There's a certain amount of doublethink involved in simultaneously saying "File 770 is fading and irrelevant" and File 770 shooting to the top of the twitter discussion anytime it disagrees with the Twitterati or even hosts discussion for people who disagree with the Twitterati. It starts to look an awful lot like y'all care what's being said there.

(Honestly the heat Glyer takes frequently looks like the leftist version of the heat Scalzi takes; there's this faction of the Twitterati that's just decided he's Terrible because he doesn't agree with them 100% of the time and he allows lively discussion which is sometimes critical of authors or author behavior, and the end result has been a number of people who appear to have put him in the same category as the Puppies, and now you have another example of Reasons I Am Not On Twitter.)

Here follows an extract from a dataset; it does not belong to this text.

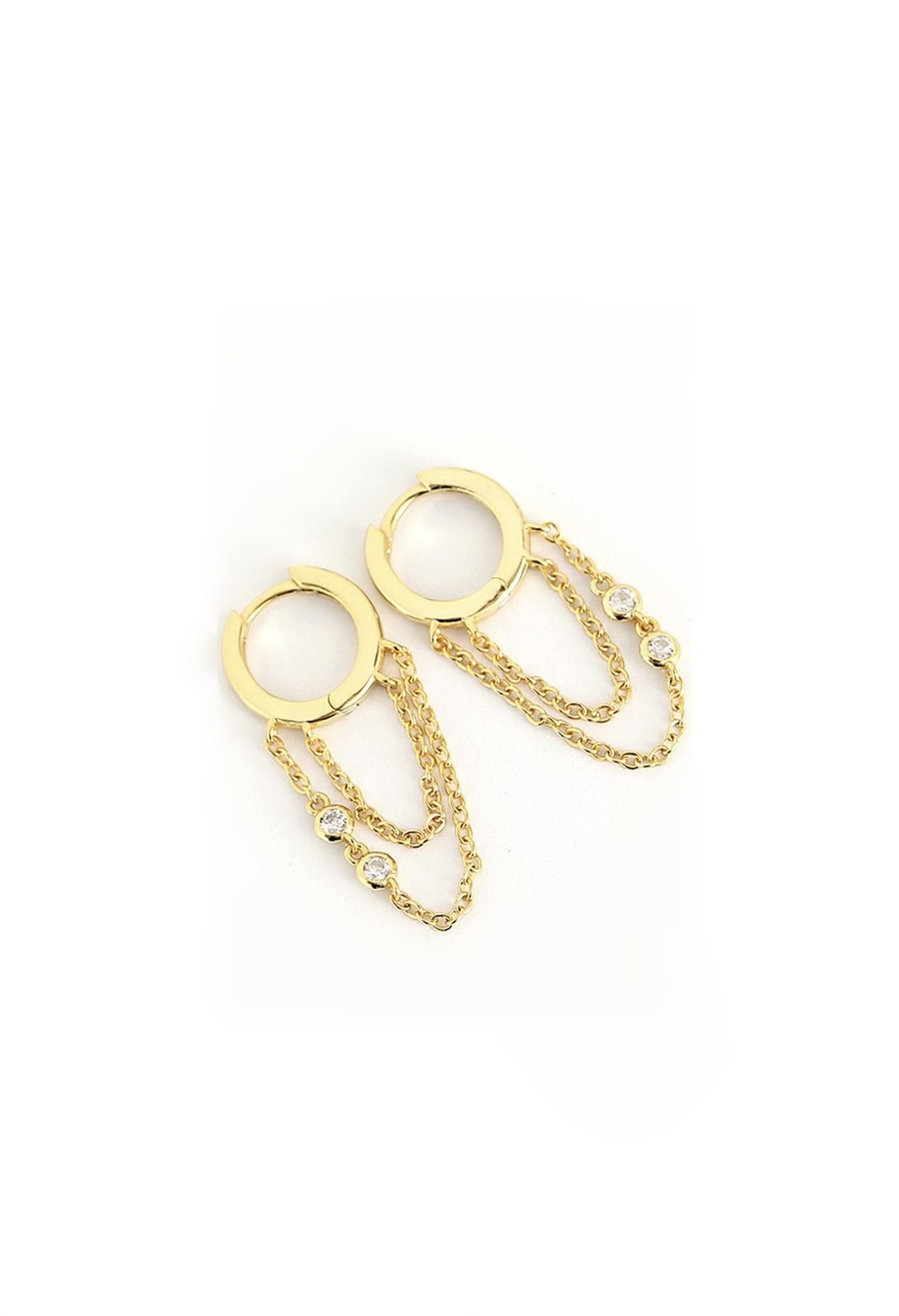 Chain Drop Huggie Hoop Earrings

So yes. My opinion on this whole thing is basically "Internet people gonna internet" and lamenting the lack of conversations about the rest of the Hugo finalists and I just required an awful lot of words to say that.
elf: Strongbow from EQ Hidden Years (Facepalm)

[personal profile] elf 2021-04-17 07:54 am (UTC)(link)
There's new Hugo drama? Already? Agh, I was barely caught up with the Baen drama.

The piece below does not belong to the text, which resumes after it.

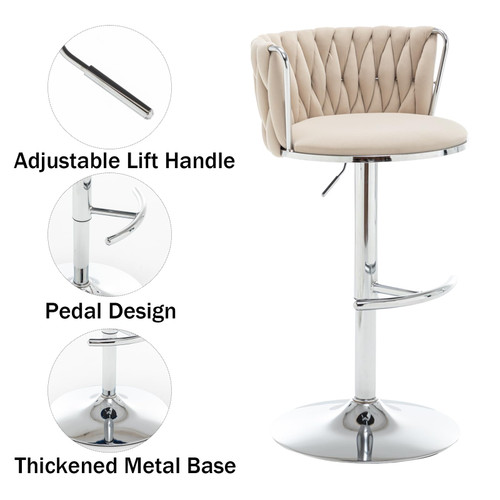 Velvet Bar Stools Set of 2, Swivel Counter Height Bar Stools with Back, Adjustable Woven Barstools for Kitchen Island, Pub, Club (Beige)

I would also like to see an end to "this year's Hugo drama is next year's BRW nominee." Unfortunately, I can see how it happens, and why it's likely to continue.

Worldcon is shrinking. Not so much in numbers (although, last few years, by numbers too). But in comparison to the scifi/fantasy/horror/speculative fiction industries, fandoms, media, and other communities... Worldcon is no longer a representative sample. The Hugos aren't selected from what most SFFH etc. fans agree are the best of the genre; they're selected from what Worldcon members mostly agree are the best of the genre.

Crunchyroll has three million paying subscribers; I'm willing to bet they don't think an episode of The Good Place was the best short-form scifi dramatic presentation of 2020. But they are, for the most part, not WSFS members, and so their opinions don't count.

Likewise, the dramas that rage through the younger SFFH etc. fandom communities online, don't mostly get noticed by Worldcon members.

My choice for best related work of 2020? The November 5 memestorm on Tumblr, combining Supernatural, US election counts, Dr. Who, Putin's resignation (fake), Dabi's identity reveal, "Rudy at Four Seasons, When the Campaign Ended," and a swarm of rumored or confirmed upcoming fannish events.

But that didn't have a single author. Doesn't have a single format, even. It was an event and an experience... like watching the moon landing in 69, which did win a Hugo. (Moon landing was arguably a scifi-related event; the election wasn't. But a lot of the reactions were.)

A lot of WSFS doesn't like works without an identifiable creator, and that was before the AO3 drama. So with that bias in place, and a great deal of fannish activity happening in communities they're not part of, what's most obviously eligible for BRW is "Nonfiction books published on topics of great interest to SFFH fans" and "recent drama in the WSFS fannish community." And drama's more interesting than books.

It's possible that we'll hit a point of "this year's drama is too scattered and incoherent to be nominated next year" and we'll get a few years of "nobody wants to go through all that again." But unless the structure of the awards or the shape of the community changes, I suspect this is going to be a recurring problem.